[PATCH 7.2 v16 10/13] mm/khugepaged: Introduce mTHP collapse support

public inbox for linux-mm@kvack.org
 help / color / mirror / Atom feed

From: Nico Pache <npache@redhat.com>
To: linux-doc@vger.kernel.org, linux-kernel@vger.kernel.org,
	linux-mm@kvack.org, linux-trace-kernel@vger.kernel.org
Cc: aarcange@redhat.com, akpm@linux-foundation.org,
	anshuman.khandual@arm.com, apopple@nvidia.com, baohua@kernel.org,
	baolin.wang@linux.alibaba.com, byungchul@sk.com,
	catalin.marinas@arm.com, cl@gentwo.org, corbet@lwn.net,
	dave.hansen@linux.intel.com, david@kernel.org, dev.jain@arm.com,
	gourry@gourry.net, hannes@cmpxchg.org, hughd@google.com,
	jack@suse.cz, jackmanb@google.com, jannh@google.com,
	jglisse@google.com, joshua.hahnjy@gmail.com, kas@kernel.org,
	lance.yang@linux.dev, Liam.Howlett@oracle.com, ljs@kernel.org,
	mathieu.desnoyers@efficios.com, matthew.brost@intel.com,
	mhiramat@kernel.org, mhocko@suse.com, npache@redhat.com,
	peterx@redhat.com, pfalcato@suse.de, rakie.kim@sk.com,
	raquini@redhat.com, rdunlap@infradead.org,
	richard.weiyang@gmail.com, rientjes@google.com,
	rostedt@goodmis.org, rppt@kernel.org, ryan.roberts@arm.com,
	shivankg@amd.com, sunnanyong@huawei.com, surenb@google.com,
	thomas.hellstrom@linux.intel.com, tiwai@suse.de,
	usamaarif642@gmail.com, vbabka@suse.cz, vishal.moola@gmail.com,
	wangkefeng.wang@huawei.com, will@kernel.org, willy@infradead.org,
	yang@os.amperecomputing.com, ying.huang@linux.alibaba.com,
	ziy@nvidia.com, zokeefe@google.com
Subject: [PATCH 7.2 v16 10/13] mm/khugepaged: Introduce mTHP collapse support
Date: Sun, 19 Apr 2026 12:57:47 -0600	[thread overview]
Message-ID: <20260419185750.260784-11-npache@redhat.com> (raw)
In-Reply-To: <20260419185750.260784-1-npache@redhat.com>

Enable khugepaged to collapse to mTHP orders. This patch implements the
main scanning logic using a bitmap to track occupied pages and a stack
structure that allows us to find optimal collapse sizes.

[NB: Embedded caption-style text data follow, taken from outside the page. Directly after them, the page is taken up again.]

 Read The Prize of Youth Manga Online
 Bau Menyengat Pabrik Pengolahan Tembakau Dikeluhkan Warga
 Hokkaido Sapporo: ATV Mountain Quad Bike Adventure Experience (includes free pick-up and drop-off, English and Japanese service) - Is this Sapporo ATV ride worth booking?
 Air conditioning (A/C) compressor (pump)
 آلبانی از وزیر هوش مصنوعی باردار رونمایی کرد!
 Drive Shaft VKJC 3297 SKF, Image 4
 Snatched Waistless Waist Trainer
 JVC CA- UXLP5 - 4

Previous to this patch, PMD collapse had 3 main phases, a light weight
scanning phase (mmap_read_lock) that determines a potential PMD
collapse, an alloc phase (mmap unlocked), then finally heavier collapse
phase (mmap_write_lock).

To enabled mTHP collapse we make the following changes:

During PMD scan phase, track occupied pages in a bitmap. When mTHP
orders are enabled, we remove the restriction of max_ptes_none during the
scan phase to avoid missing potential mTHP collapse candidates. Once we
have scanned the full PMD range and updated the bitmap to track occupied
pages, we use the bitmap to find the optimal mTHP size.

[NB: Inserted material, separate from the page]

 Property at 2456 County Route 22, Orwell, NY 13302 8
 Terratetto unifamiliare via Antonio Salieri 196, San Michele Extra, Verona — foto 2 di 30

Implement collapse_scan_bitmap() to perform binary recursion on the bitmap
and determine the best eligible order for the collapse. A stack structure
is used instead of traditional recursion to manage the search. This also
prevents a traditional recursive approach when the kernel stack struct is
limited. The algorithm recursively splits the bitmap into smaller chunks to
find the highest order mTHPs that satisfy the collapse criteria. We start
by attempting the PMD order, then moved on the consecutively lower orders
(mTHP collapse). The stack maintains a pair of variables (offset, order),
indicating the number of PTEs from the start of the PMD, and the order of
the potential collapse candidate.

The algorithm for consuming the bitmap works as such:
    1) push (0, HPAGE_PMD_ORDER) onto the stack
    2) pop the stack
    3) check if the number of set bits in that (offset,order) pair
       statisfy the max_ptes_none threshold for that order
    4) if yes, attempt collapse
    5) if no (or collapse fails), push two new stack items representing
       the left and right halves of the current bitmap range, at the
       next lower order
    6) repeat at step (2) until stack is empty.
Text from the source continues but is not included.